All of lore.kernel.org
 help / color / mirror / Atom feed
* [PATCH] btrfs: Correctly free extent buffer in case btree_read_extent_buffer_pages fails
@ 2019-03-12 13:18 Nikolay Borisov
  2019-03-13 18:03 ` David Sterba
  0 siblings, 1 reply; 4+ messages in thread
From: Nikolay Borisov @ 2019-03-12 13:18 UTC (permalink / raw)
  To: linux-btrfs; +Cc: Nikolay Borisov

If a an eb fails to be read for whatever reason - it's corrupted on disk
and parent transid/key validations fail or IO for eb pages fail then
this buffer must be removed from the buffer cache. Currently the code
calls free_extent_buffer if an error occurs. Unfortunately this doesn't
achieve the desired behavior since btrfs_find_create_tree_block returns
with eb->refs == 2. On the other hand free_extent_buffer will only
decrement the refs once leavin it added to the buffer cache radix tree.
This enables later code to look up the buffer from the cache and utilize
it potentially leading to a crash.

The correct way to free the buffer is call free_extent_buffer_stale.
This function will correctly call atomic_dec explicitly for the buffer
and subsequently call release_extent_buffer which will decrement the
final reference thus correctly remove the invalid buffer from buffer
cache. This change affects only newly allocated buffers since they have
eb->refs == 2.

Link: https://bugzilla.kernel.org/show_bug.cgi?id=202755
Signed-off-by: Nikolay Borisov <nborisov@suse.com>
---
This patch was inspired by Qu's "btrfs: Check the first key and level for
cached extent buffer". Though fixing Qu's crash is only a side effect, what  I 
was aiming for is "correct behavior" - in this case immediately remove an eb 
from the eb cache if it's detected broken.

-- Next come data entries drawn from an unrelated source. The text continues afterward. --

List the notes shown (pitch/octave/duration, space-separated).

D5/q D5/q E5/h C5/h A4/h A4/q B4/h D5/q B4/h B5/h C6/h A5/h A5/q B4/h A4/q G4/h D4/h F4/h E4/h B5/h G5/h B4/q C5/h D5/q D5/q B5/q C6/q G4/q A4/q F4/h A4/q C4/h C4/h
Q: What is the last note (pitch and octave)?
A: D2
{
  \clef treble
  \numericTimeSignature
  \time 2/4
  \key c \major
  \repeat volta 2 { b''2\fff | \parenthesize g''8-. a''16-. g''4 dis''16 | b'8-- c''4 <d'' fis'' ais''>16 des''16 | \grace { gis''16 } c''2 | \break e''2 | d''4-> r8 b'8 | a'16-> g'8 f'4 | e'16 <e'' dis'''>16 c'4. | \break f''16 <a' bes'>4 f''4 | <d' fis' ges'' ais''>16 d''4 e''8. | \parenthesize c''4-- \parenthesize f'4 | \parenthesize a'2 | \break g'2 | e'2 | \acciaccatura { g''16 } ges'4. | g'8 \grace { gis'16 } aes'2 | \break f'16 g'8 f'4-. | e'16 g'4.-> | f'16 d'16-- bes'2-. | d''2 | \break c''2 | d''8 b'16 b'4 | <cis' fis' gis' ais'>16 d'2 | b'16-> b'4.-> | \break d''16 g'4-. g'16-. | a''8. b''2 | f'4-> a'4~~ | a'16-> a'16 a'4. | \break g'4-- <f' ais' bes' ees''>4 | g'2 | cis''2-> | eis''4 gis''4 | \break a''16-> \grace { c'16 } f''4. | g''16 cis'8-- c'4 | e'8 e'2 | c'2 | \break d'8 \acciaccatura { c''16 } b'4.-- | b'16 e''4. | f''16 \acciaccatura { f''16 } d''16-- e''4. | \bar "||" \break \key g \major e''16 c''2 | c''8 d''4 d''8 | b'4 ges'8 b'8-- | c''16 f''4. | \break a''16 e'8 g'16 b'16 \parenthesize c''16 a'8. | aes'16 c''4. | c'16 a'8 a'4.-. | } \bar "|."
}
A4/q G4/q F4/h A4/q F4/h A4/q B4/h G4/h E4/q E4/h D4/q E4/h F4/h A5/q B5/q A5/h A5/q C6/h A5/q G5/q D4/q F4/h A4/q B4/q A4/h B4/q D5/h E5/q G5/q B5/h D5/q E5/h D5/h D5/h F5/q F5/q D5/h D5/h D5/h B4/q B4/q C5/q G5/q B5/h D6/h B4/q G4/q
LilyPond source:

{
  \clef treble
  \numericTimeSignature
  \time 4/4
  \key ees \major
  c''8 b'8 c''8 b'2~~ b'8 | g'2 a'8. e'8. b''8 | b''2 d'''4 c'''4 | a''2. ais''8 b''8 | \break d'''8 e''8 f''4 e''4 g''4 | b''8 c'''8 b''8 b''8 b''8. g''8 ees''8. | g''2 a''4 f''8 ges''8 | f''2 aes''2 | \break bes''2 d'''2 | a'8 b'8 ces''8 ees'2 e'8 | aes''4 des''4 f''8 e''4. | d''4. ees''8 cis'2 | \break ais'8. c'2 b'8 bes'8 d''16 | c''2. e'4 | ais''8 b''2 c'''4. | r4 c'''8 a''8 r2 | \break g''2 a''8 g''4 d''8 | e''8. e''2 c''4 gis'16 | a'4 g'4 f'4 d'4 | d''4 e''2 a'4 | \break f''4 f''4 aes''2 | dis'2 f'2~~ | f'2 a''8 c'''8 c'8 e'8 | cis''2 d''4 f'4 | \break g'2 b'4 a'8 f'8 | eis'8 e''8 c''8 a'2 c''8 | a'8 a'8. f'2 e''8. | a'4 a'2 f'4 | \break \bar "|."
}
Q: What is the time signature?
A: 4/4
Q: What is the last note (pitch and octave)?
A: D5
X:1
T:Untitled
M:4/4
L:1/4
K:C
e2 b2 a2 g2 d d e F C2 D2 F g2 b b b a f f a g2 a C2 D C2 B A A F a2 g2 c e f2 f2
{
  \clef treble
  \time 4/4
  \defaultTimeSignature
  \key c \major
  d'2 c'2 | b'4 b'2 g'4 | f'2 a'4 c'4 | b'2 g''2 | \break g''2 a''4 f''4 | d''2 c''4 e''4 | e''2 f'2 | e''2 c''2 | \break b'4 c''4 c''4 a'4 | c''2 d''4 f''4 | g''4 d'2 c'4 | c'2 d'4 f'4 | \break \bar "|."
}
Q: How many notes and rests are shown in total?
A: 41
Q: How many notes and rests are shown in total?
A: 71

This, however, doesn't eliminate 
the need for Qu's patch which adds the parent check in read_block_for_search.
 
I have validated it it using the image from the bugzilla issue and reading 
/MOUNT/foo/bar/stress/f7. Without my patch (or Qu's) it crashes with either of 
them I get: 

cat: scratch/foo/bar/stress/f7: Input/output error

This also survived a full xfstest run with no regressions. 

 fs/btrfs/disk-io.c | 6 +++---
 1 file changed, 3 insertions(+), 3 deletions(-)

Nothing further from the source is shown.